## DESCRIPTION OF THE TASK
Transcribe, word for word, only the lines from the one containing "İETT Otobüsü Ümraniye’de Durağa Çarptı" through the end of the material below. Pictures stay out.

## RECORDS SHOWN
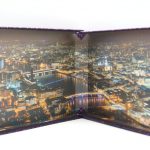 blood and truth ps4 vr press kit pappschachtel innenseite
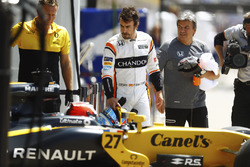 Fernando Alonso, McLaren, Nico Hulkenberg, Renault Sport F1 Team RS17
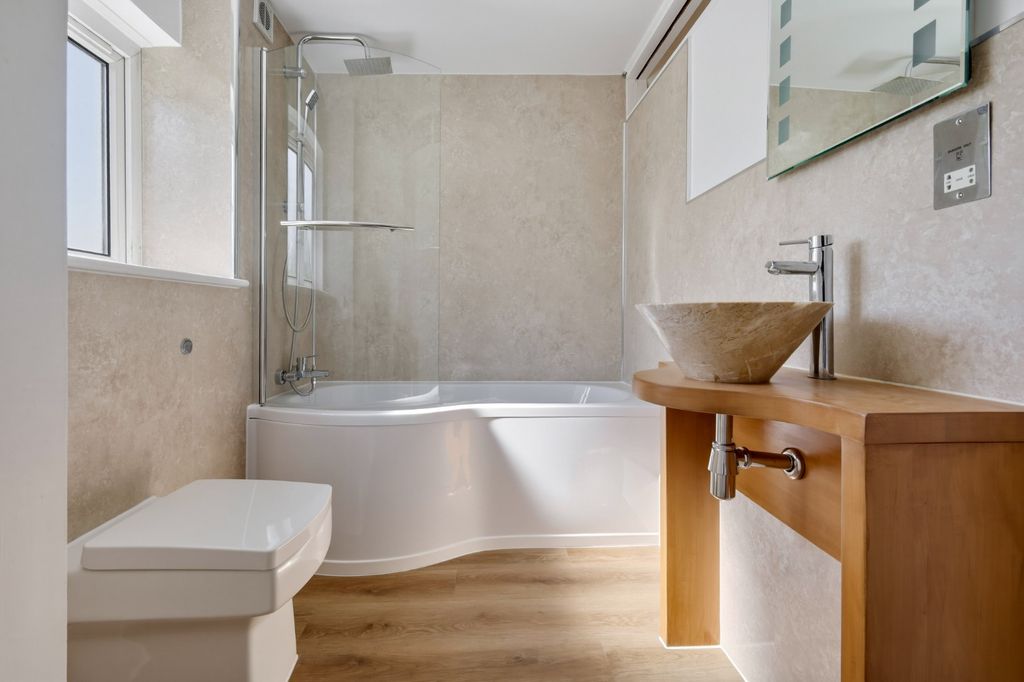 Property photo 3 of 14 5072835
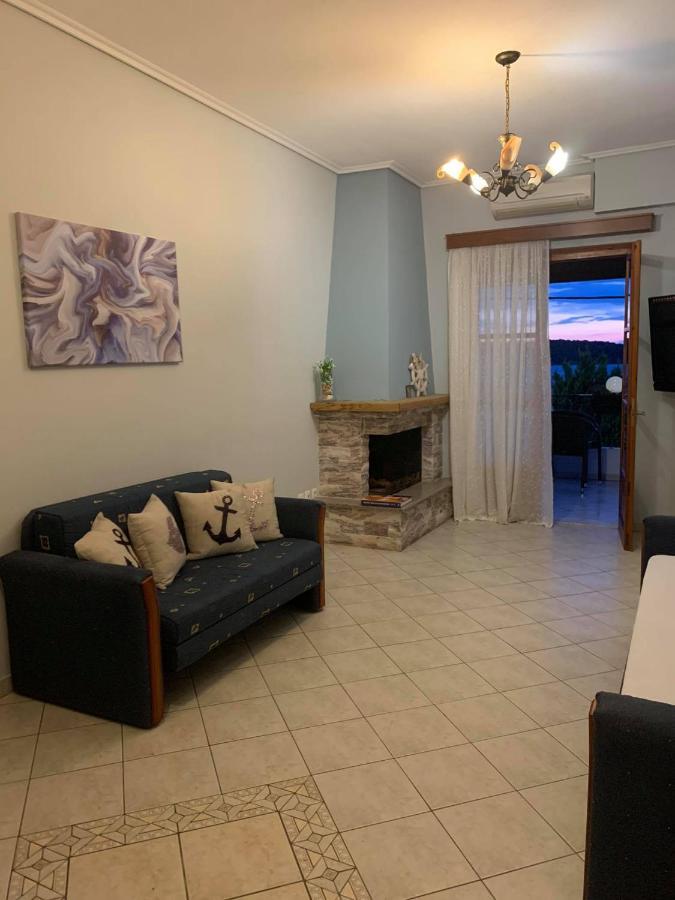 Naiada Apartments Milina Exteriör bild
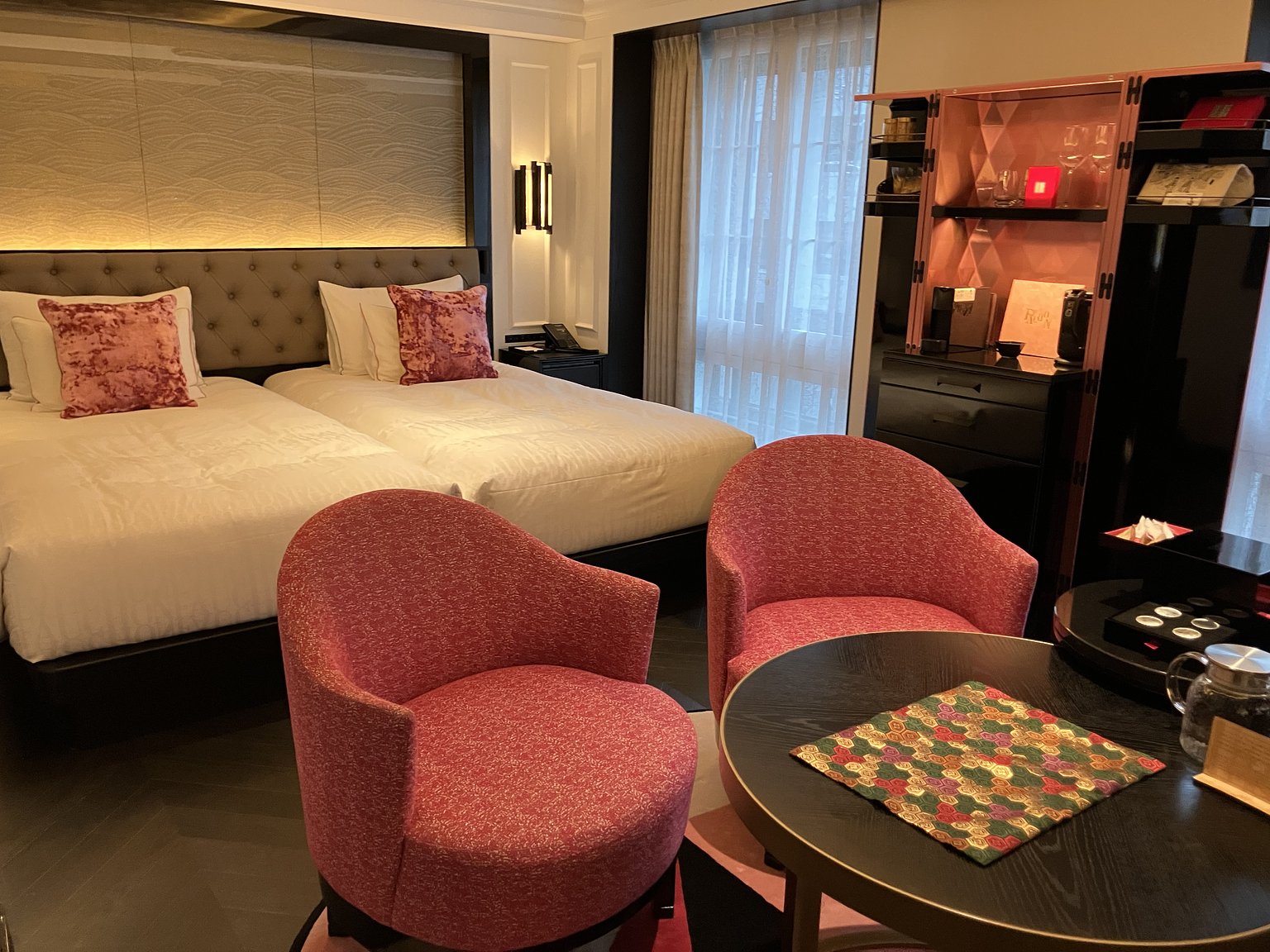 A hotel in Kyoto where you can experience Paris. The gourmet bar is the best!♡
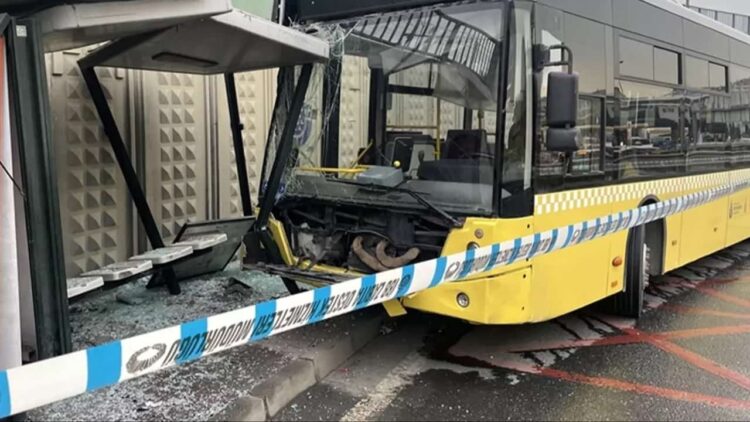 İETT Otobüsü Ümraniye’de Durağa Çarptı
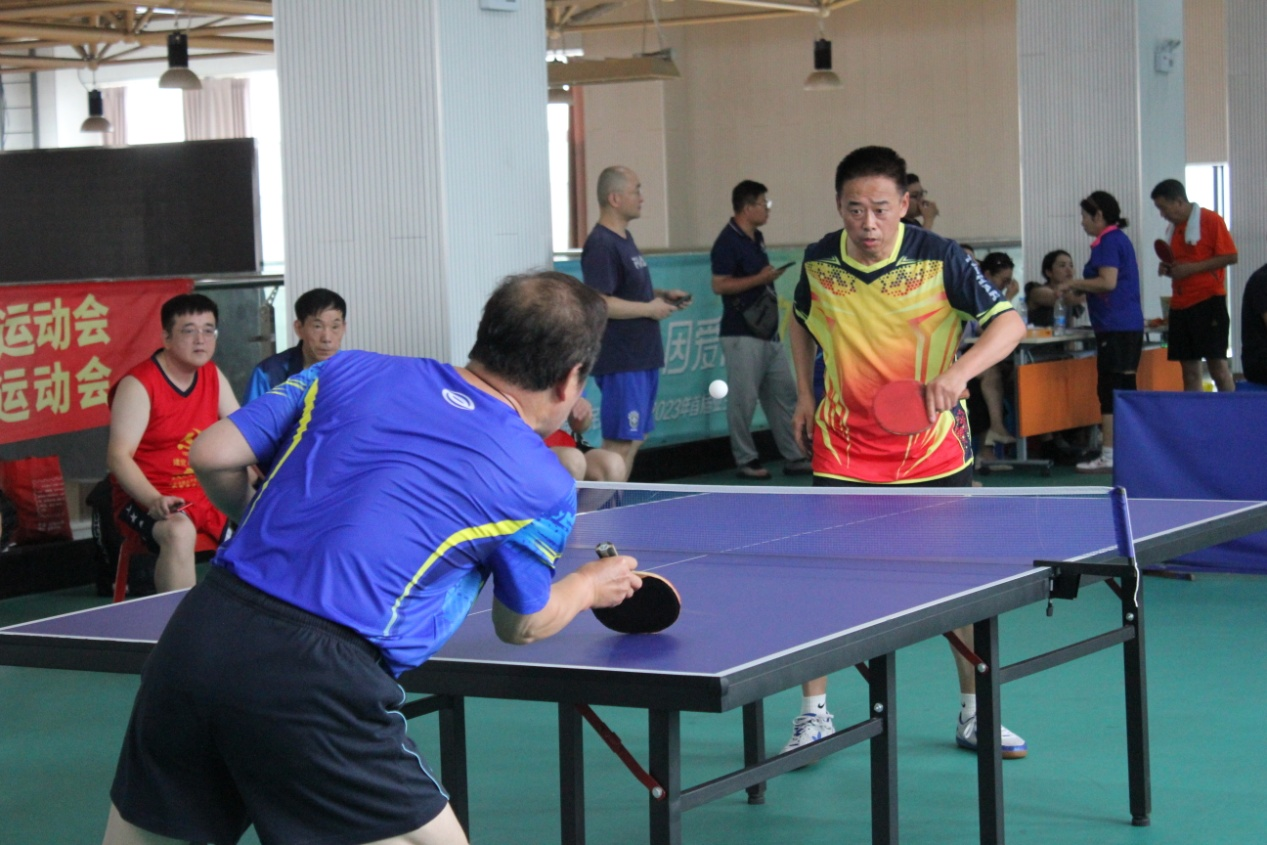 白塔街道举办市民运动会 全民健身一起“乒乓”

## PROBLEM SOLUTION
 İETT Otobüsü Ümraniye’de Durağa Çarptı
 白塔街道举办市民运动会 全民健身一起“乒乓”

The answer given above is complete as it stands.